Hey because of my job i can only train early in the morning like an hour or hour and a half after i wake up or early evening. i have way more energy in the evening but i tend to produce way too much cortisol and evening training in the evening makes me have a lot problems with sleeping. now my question is can i do weighted pulls and dips that early, will it put a strain on my spine? i’ve read a lot about weightlifting early, about how your discs are not prepared for that, but i don’t if it applies to calisthenics. can someone help with this

Honestly I don’t think this should even be a differentiating factor when looking at AM vs PM training. Maybe, MAYBE, you will be a little stronger PM training because of some disc compression during the day, but its not something so huge that AM lifting suddenly becomes unsafe.
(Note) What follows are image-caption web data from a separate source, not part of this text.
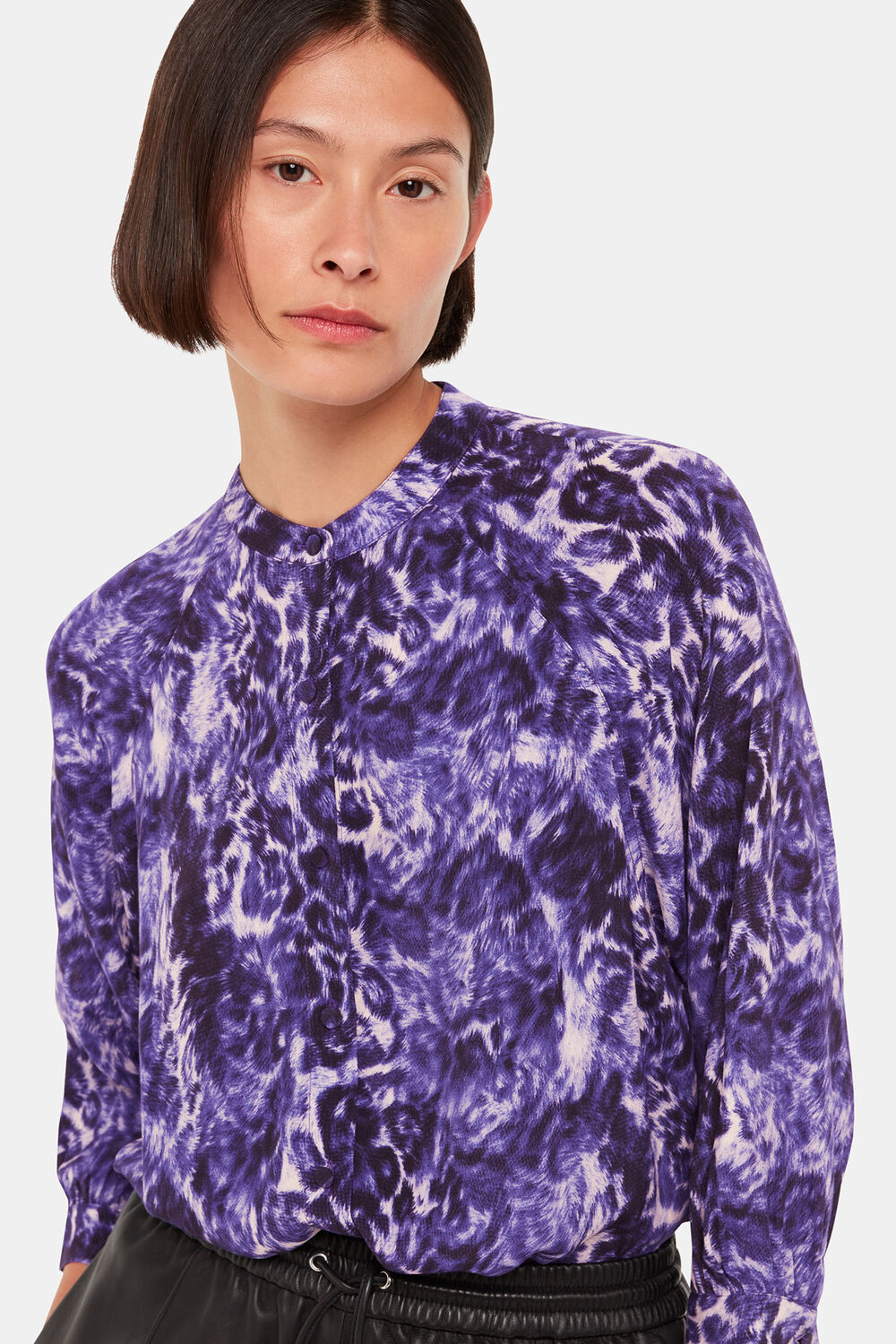 Glossy Leopard Raglan Shirt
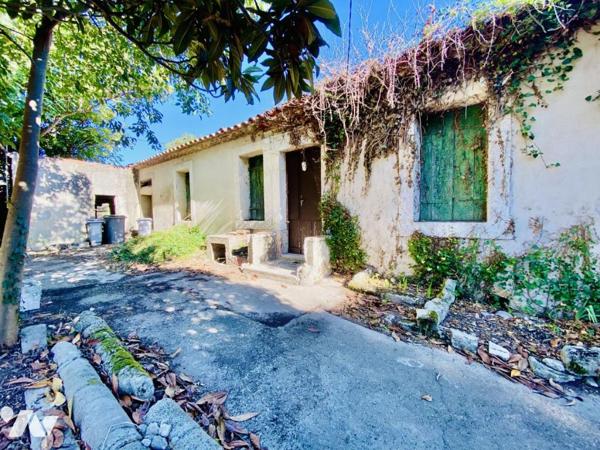 Maison de 69m2 à réhabiliter entièrement sur 400m2 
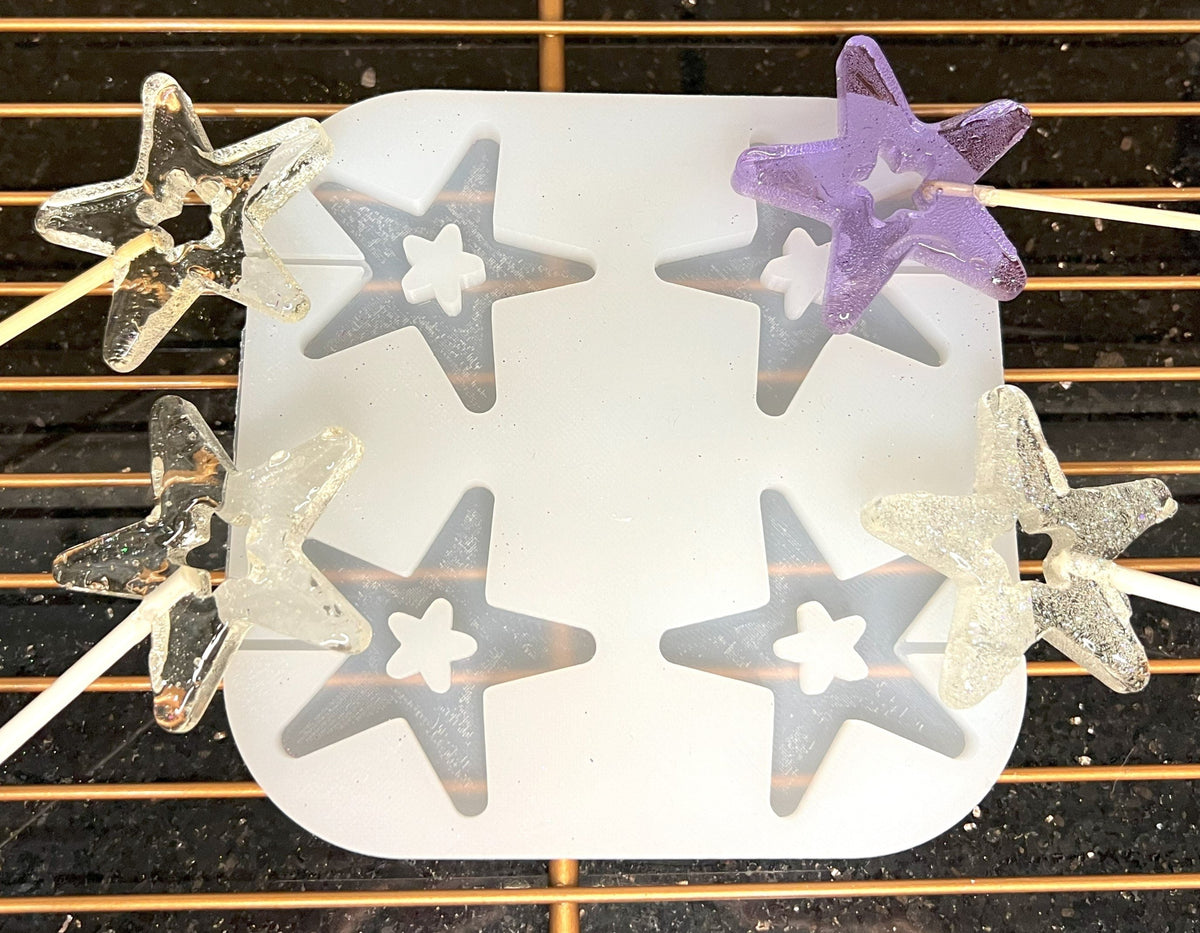 Silicone Mold #01 - Star Hollow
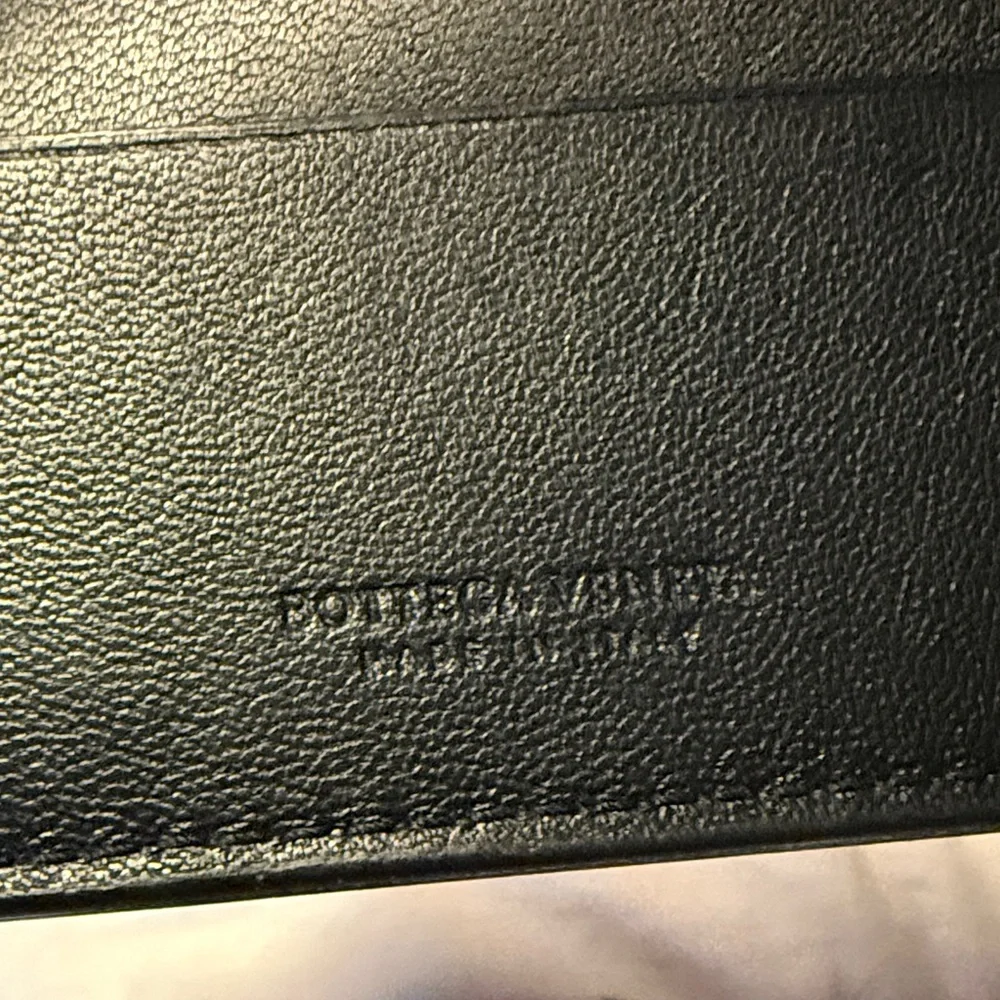 BOTTEGA VENETA Authentic Leather Business Card Holder Card Case Intrecciato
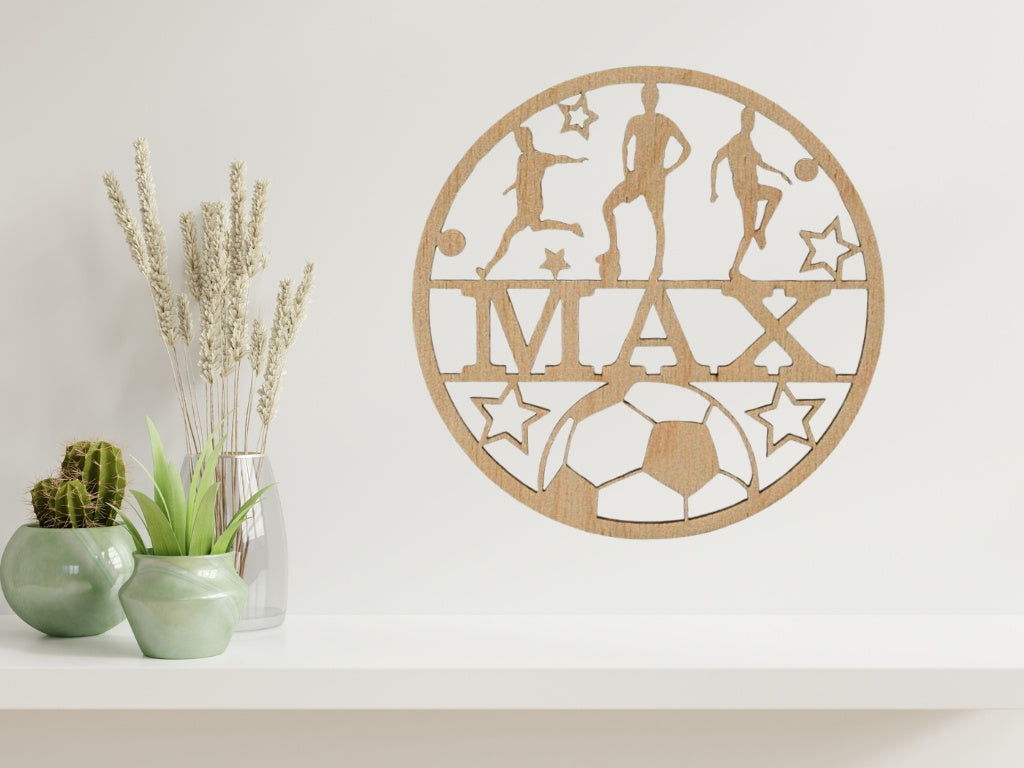sport thema decoratie detail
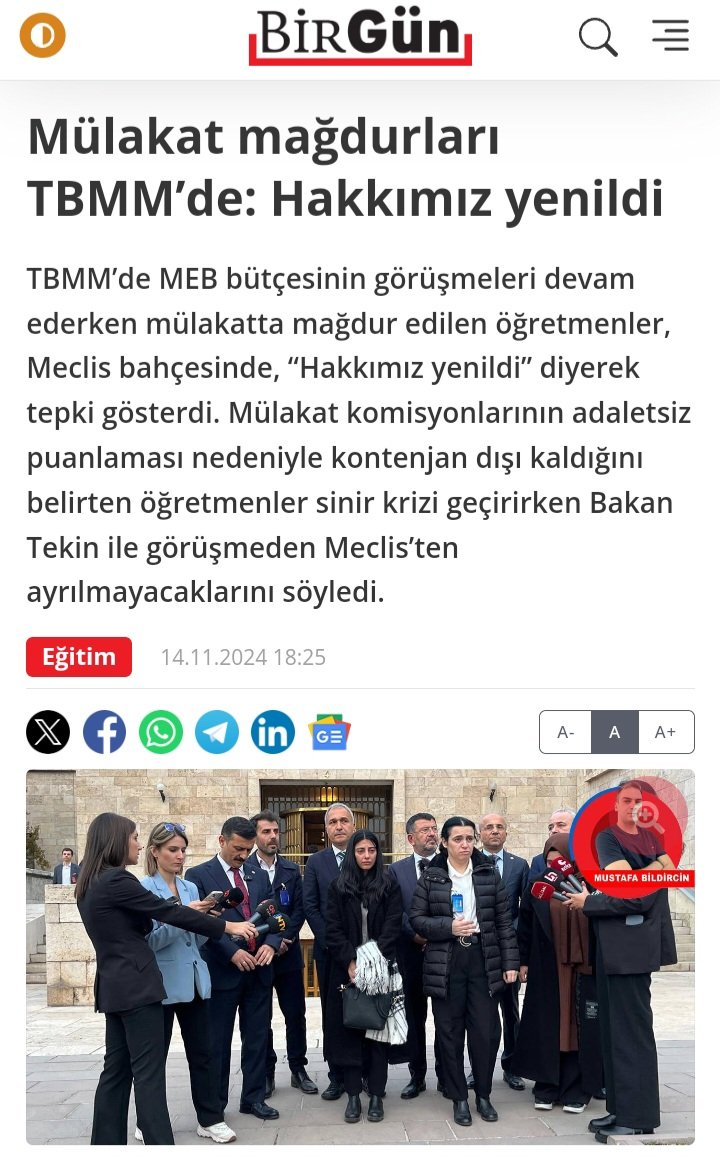 Binlerce nitelikli öğretmen mülakat denilen garabet uygulama nedeniyle işsiz bırakılıyor, senelerce mesleklerini yapamıyorlar. Mülakat sonuçlarına itiraz edip ret cevabı alan ve dava açmayı düşünen öğretmenlerin hukuk mücadelelerinde yanındayız #MEBdeMuelakatFaciası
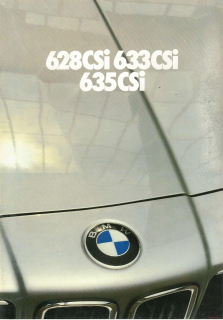BMW 628CSi, 633CSi, 635CSi e24 1980 (Prospekt)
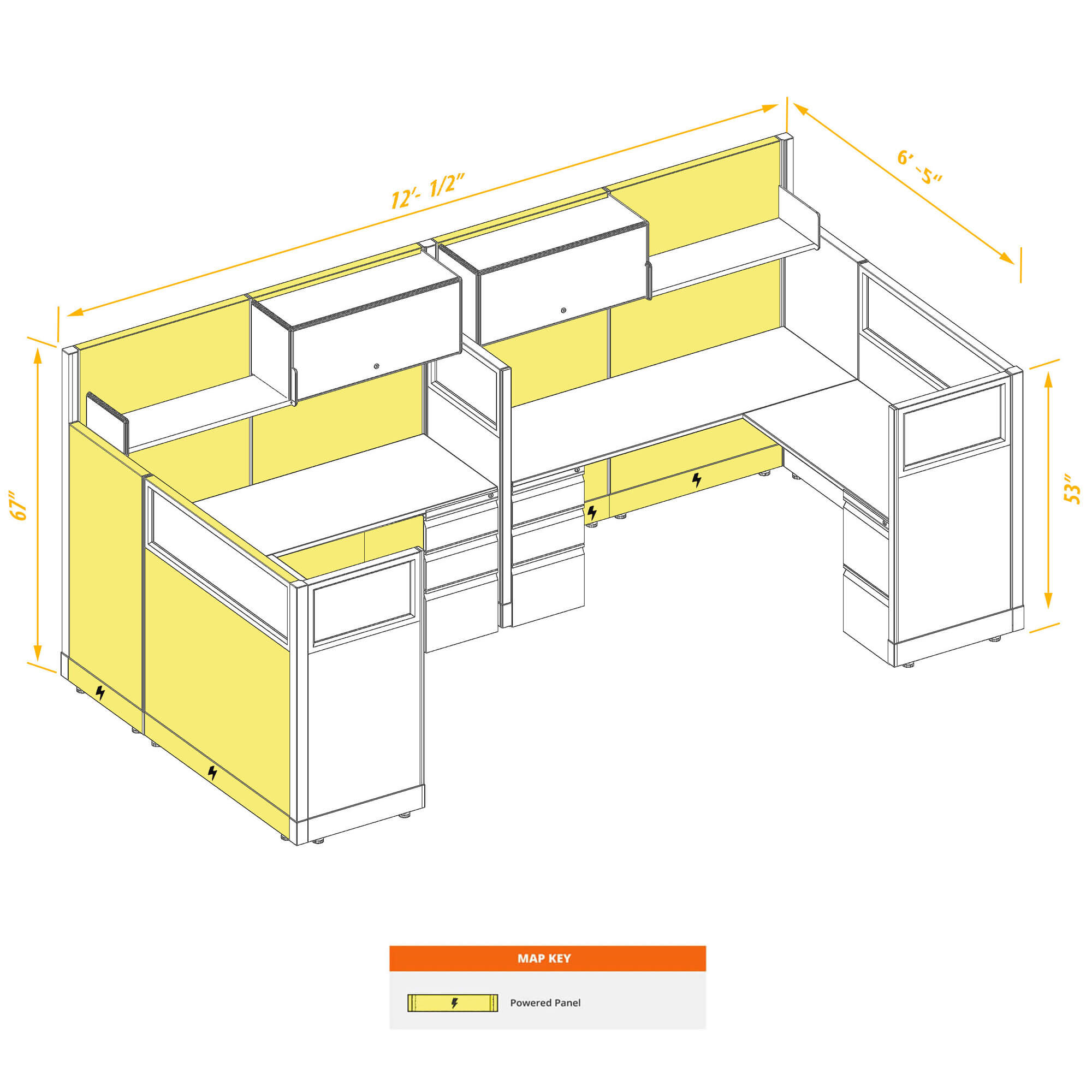 Modular furniture CUB 2 53 67 P 66 BP G PSO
This looks like an example of a small piece of data being ridiculously sensationalised. Don’t worry about it.

Secondly, if you’re talking about dips and pull-ups, even if your discs were, for some reason, glass before 12 noon, neither of those are loading your spine. Go for it.

Our discs absorb spinal fluid while we sleep. That’s why people are taller first thing in the morning. This fills them up and makes them “stiff”. We’re actually at more risk for an injury when we first wake up. It doesn’t mean that we can’t train; we just have to pay attention and warm up properly.

I can feel a legit difference between my 5am sessions and any other session. My spine actually hurts when I jog my warm up lap. I still squat and deadlift though.

@daracv, if you’re waiting 60-90 m inutes after you wak up then you don’t need to worry about that. And as Pinky said, the exercises you mentioned aren’t risky anyway.

This is difficult to quantify.

But most importantly,

These are not compressive exercises. They are the opposite.